MicroStrategy sells $467M of MSTR shares, holds 843,775 BTC
MicroStrategy (MSTR) sold 4.8M shares via its at-the-market (ATM) program from July 6–12, raising about $467M, according to a US SEC 8-K. MSTR did not buy or sell Bitcoin during the period and kept its BTC treasury unchanged at 843,775 BTC, with an average purchase price of $75,476.
The MSTR share sales lifted MicroStrategy’s USD reserve to about $3.0B (up from $2.55B the prior week). The cash is earmarked for STRC preferred dividends and interest on outstanding debt, and it includes expected—but not yet settled—ATM proceeds.
MicroStrategy still has $23.8B of remaining ATM capacity, including capacity tied to a new $21B authorization announced March 23. It previously sold 3,588 BTC for about $216M to replenish the USD reserve and support preferred dividends, with no BTC buys reported in a late-June filing. The company also moved STRC preferred dividends to a semi-monthly schedule, with the first payment set for July 15.

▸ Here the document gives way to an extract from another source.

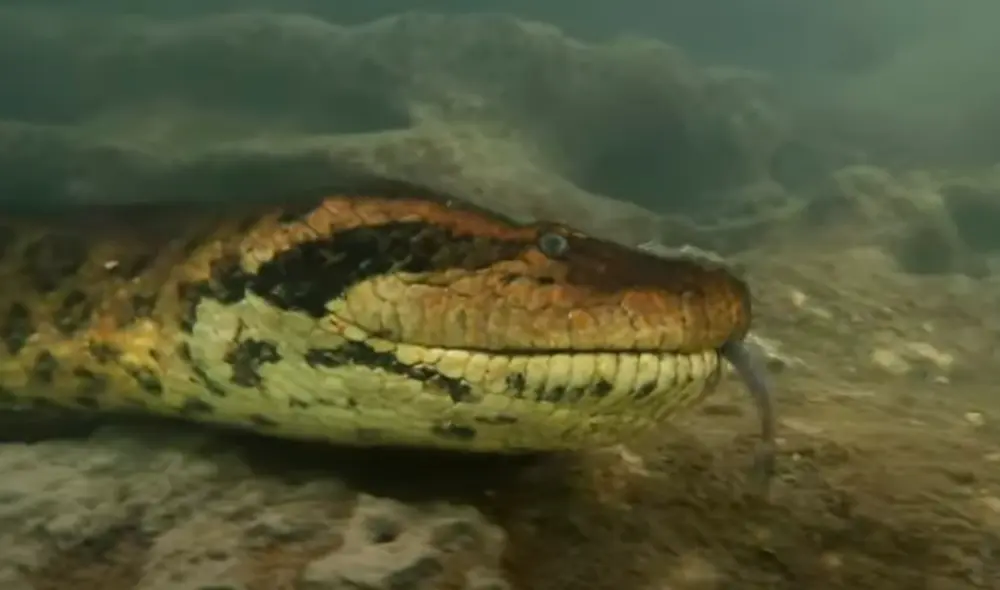 El video viral ha sido publicado en el canal Rumble Viral. Foto: captura de YouTube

For crypto traders, this is a balance-sheet and liquidity play: funding comes from MSTR shares while near-term Bitcoin holdings stay steady. In the specific reporting window, direct BTC supply pressure appears limited.
Neutral
The news is unlikely to create immediate BTC price pressure because MicroStrategy did not trade BTC during the reporting window and kept its treasury steady at 843,775 BTC. Instead, the company funded cash needs via MSTR share sales under its ATM program, increasing USD reserve for STRC preferred dividends and debt interest.

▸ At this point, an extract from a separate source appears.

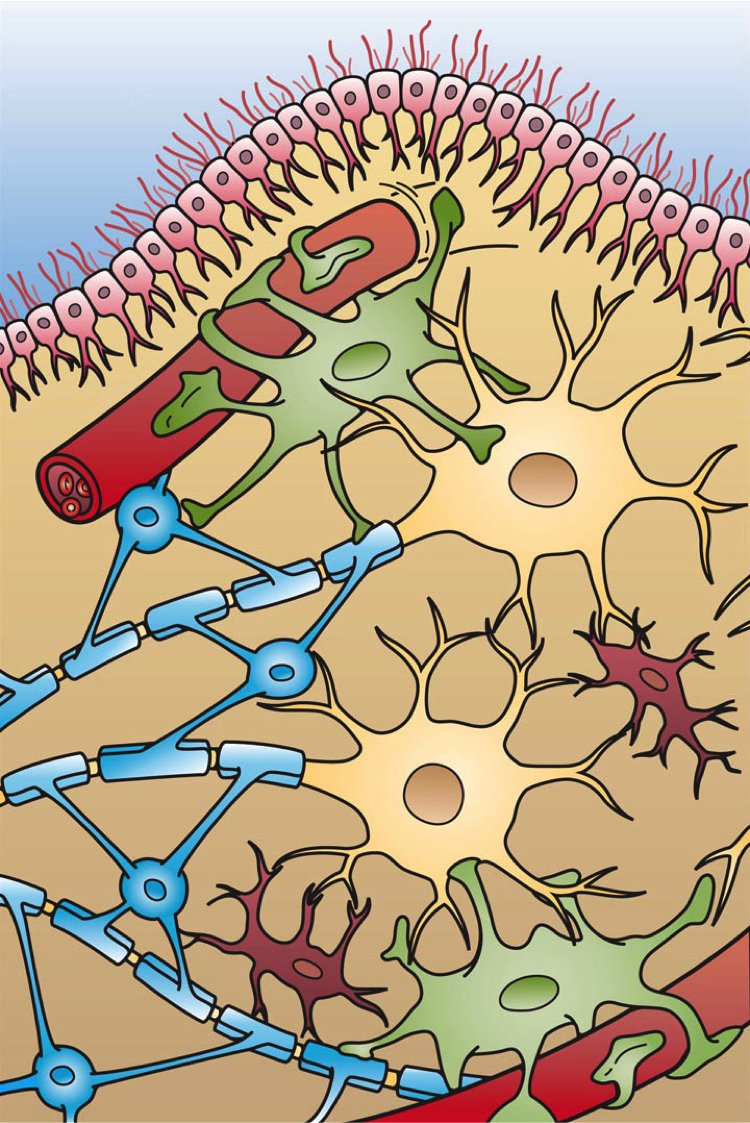 Scientific illustration showing the four types of glial cells in the CNS: ependymal cells, astrocytes, microglia, and oligodendrocytes. The oligodendrocyte is shown with processes wrapping around axons.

In the short term, traders may treat this as supportive of stability: cash is raised without changing BTC exposure, so there is no clear incremental BTC sell flow tied to July 6–12. Over the longer term, sentiment can turn slightly negative if further ATM selling coincides with renewed BTC reductions, but the current update emphasizes capital-structure management rather than BTC liquidation.